- Episode no.: Season 3 Episode 12
- Directed by: Alrick Riley
- Written by: Wes Brown
- Original air date: September 24, 2017
- Running time: 41 minutes

Guest appearances
- Michael William Freeman as Blake Sarno; Justin Rain as Crazy Dog; Kalani Queypo as Klah Jackson; Linda Gehringer as Christine;

Episode chronology
| ← Previous "La Serpiente" | Next → "This Land Is Your Land" |
- Fear the Walking Dead (season 3)

= Brother's Keeper (Fear the Walking Dead) =

"Brother's Keeper" is the twelfth episode of the third season of the post-apocalyptic horror television series Fear the Walking Dead, which aired on AMC on September 24, 2017.

== Plot ==
Troy lives off the land while continuing to write in his journal. He revisits the scene of the helicopter crash, finds a grenade launcher and buries the rancher Walker had disfigured.
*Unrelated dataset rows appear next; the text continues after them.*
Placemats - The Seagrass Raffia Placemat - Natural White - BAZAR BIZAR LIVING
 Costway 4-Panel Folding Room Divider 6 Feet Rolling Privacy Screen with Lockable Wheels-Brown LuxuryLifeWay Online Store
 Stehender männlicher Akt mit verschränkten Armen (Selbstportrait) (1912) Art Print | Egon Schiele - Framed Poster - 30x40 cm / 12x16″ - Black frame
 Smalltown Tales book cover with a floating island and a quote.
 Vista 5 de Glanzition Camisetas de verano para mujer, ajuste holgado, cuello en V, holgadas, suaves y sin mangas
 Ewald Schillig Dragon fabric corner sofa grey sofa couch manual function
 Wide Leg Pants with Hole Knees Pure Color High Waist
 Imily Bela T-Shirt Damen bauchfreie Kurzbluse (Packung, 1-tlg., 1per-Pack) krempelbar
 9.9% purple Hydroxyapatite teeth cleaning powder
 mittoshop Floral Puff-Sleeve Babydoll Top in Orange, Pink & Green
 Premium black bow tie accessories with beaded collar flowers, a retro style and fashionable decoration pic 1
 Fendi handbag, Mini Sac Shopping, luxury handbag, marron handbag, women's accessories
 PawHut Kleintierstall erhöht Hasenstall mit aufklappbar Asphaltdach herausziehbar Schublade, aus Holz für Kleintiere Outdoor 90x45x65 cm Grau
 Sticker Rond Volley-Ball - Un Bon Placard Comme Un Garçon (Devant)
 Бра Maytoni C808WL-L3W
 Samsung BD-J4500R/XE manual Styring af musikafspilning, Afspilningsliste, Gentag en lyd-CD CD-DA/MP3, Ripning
Troy visits Nick in the night and warns him that the ranch will be destroyed. Jake asks Alicia to leave with him and questions their relationship when she refuses. Nick and Jake set out to find Troy and discover him using the grenade launcher to guide a herd of walking dead toward the ranch. Troy explains that the herd will force the people into the desert, as he was, and only the fittest will survive. Jake holds Troy at gunpoint but hesitates on learning that Nick killed their father and Alicia kept it secret. Jake is bitten and dies following an amputation, and Troy mourns his brother, saying he brought the herd to regain their legacy. A wall of trailers and RVs is hoped to turn the herd, but it fails and the ranchers and natives evacuate to the bunker-like pantry.

== Reception ==
On Rotten Tomatoes, "Brother's Keeper" garnered a 100% approval rating, with an average score of 8.00/10 based on 6 reviews. David Zapanta of Den of Geek rated it 4/5, stating, "if [the] season were a Choose Your Own Adventure book, every plot choice would hinge on the Clark family making a bad situation worse", and deeming Alicia Clark one of the "more fully realized characters" of the season. Steve Ford of TV Fanatic gave it a 3/5, writing that it "could have been so much more than it was" as it retreaded what The Walking Dead did in a prior season, although Fear "handled it better" and "the story progression felt much more natural". Nick Romano of Entertainment Weekly wrote, "For an hour, the narrative and character flaws of episodes past seemed like a distant memory", praising the show's "ability to build tension from the opening sequence to the finish".

=== Ratings ===
"Brother's Keeper" was seen by 2.08 million viewers in the United States on its original air date, above the previous episodes rating of 1.99 million.